Harvard Kennedy School Professor Samantha Power has been tapped for a senior foreign policy position on the National Security Council.
Power—who won a Pulitzer Prize for her book on human rights—will join a slew of Harvard professors moving to Washington to join the Obama administration, including many of her colleagues at the Kennedy School and her husband, Cass R. Sunstein ’75, a professor at Harvard Law School.
While the details about Power’s role remain unclear at this point, she will be required to work closely with Secretary of State Clinton as the senior director for multilateral affairs at the NSC, according to the Associated Press.
In March 2008, Power gained notoriety during the presidential campaign for calling Hillary Clinton a “monster.” She resigned as an adviser to the Obama campaign soon after.
Her gesture to apologize to Clinton was reportedly well-received, and Power was brought back into the fold to review both the State Department and the U.S. mission to the United Nations for the presidential transition.
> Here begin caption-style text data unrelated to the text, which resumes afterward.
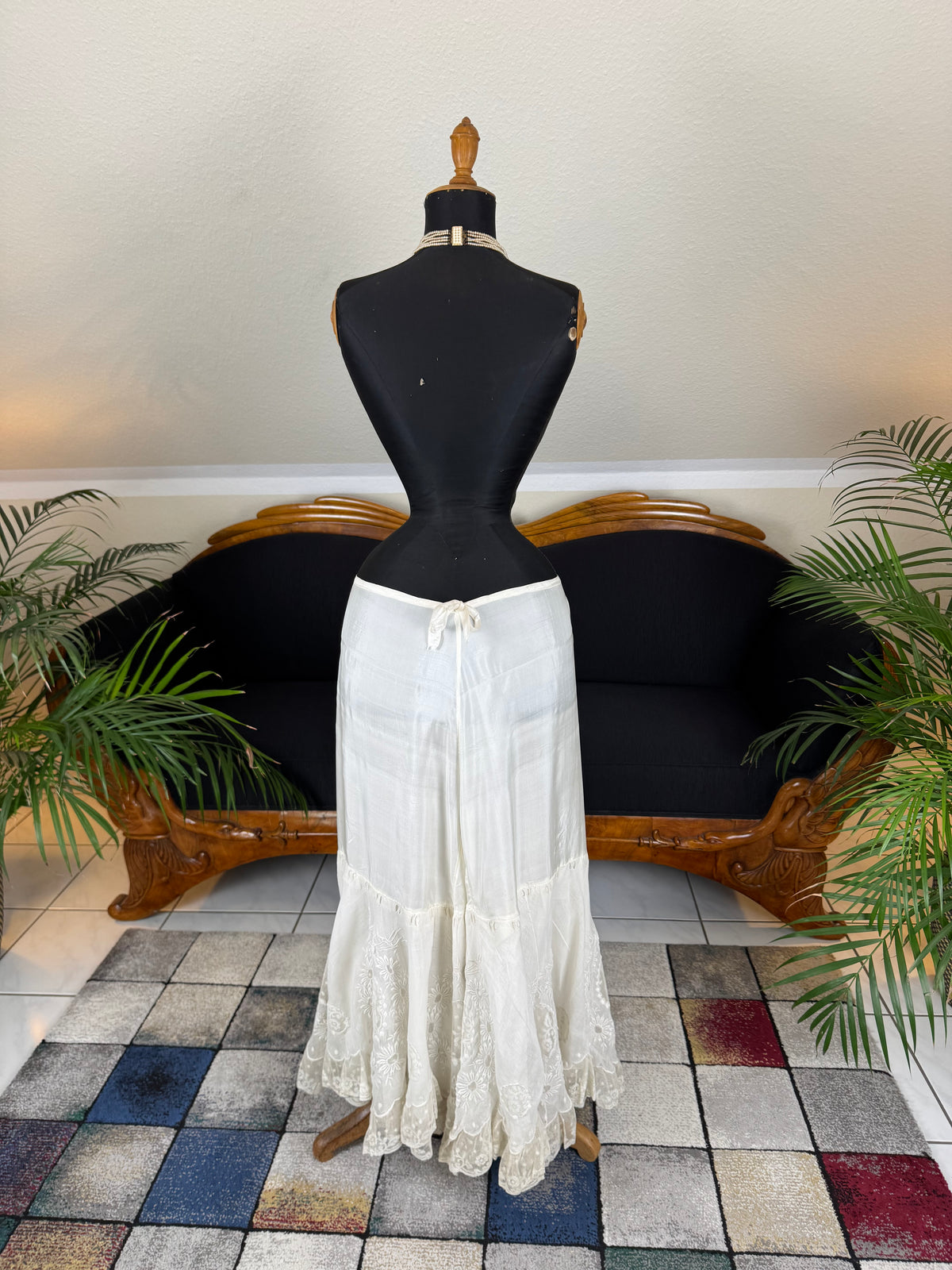 Antique Edwardian petticoat from Lady Gillman's 1911 bridal trousseau with silk waist, whitework embroidery, daisy motifs, and lace flounces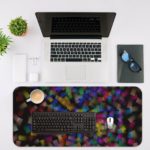 Infidu Artistic Desk Pad with elegant abstract shattered glass pattern in green, blue, purple, and yellow on a dark background. Desk Mat with an Apple Laptop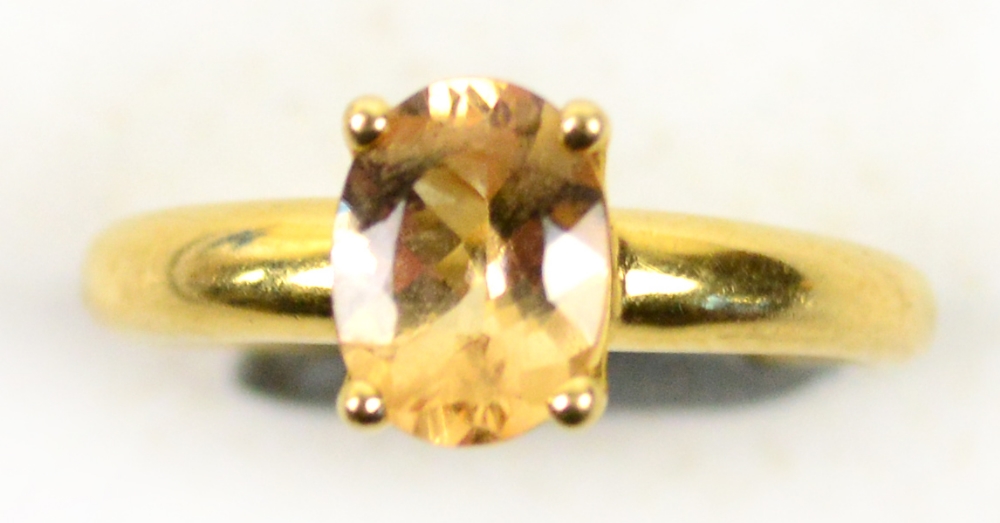 An 18ct yellow gold topaz ring, the oval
Power’s colleagues at HKS lauded her appointment, citing her foreign policy and academic credentials as key reasons she will be able to make a lasting contribution in the administration.
Former Dean of the Kennedy School Joseph S. Nye—who has been offered the position of U.S. ambassador to Japan—recalled that Power played an instrumental role in building the school’s Carr Center for Human Rights Policy, which she founded in 1999.
“She was energetic, intelligent, and a great success,” Nye wrote in an e-mailed statement. “She is a remarkably talented person, and I am sure she will make a major contribution on the NSC.”
Kennedy School Professor Graham T. Allison Jr.—who met Power when she was a third-year student at Harvard Law School and later co-edited a book on human rights with her—said that Power’s academic work may provide the best clues for how she will shape foreign policy in her new role on the NSC.
“A Problem from Hell,” her Pulitzer Prize winning book in 2003, explores the nation’s response to genocides in Cambodia, Iraq, and Rwanda among others, throughout the twentieth century.
Kennedy School Professor Jeffrey A. Frankel points to her “passionate” efforts in bringing the issues raised by the Rwandan genocide, for example, to national attention.
“People speculate as to why Bill Clinton did not intervene to try to stop the Rwandan genocide,” said Frankel, who served on the Council of Economic Advisors under Clinton.
“They probably don’t realize that there was never even a meeting in the White House at which such an action would have been considered,” he added.
Frankel said that if another similar event were to take place, Power, in her role on the NSC, would “bring it forcefully to President Obama’s attention.”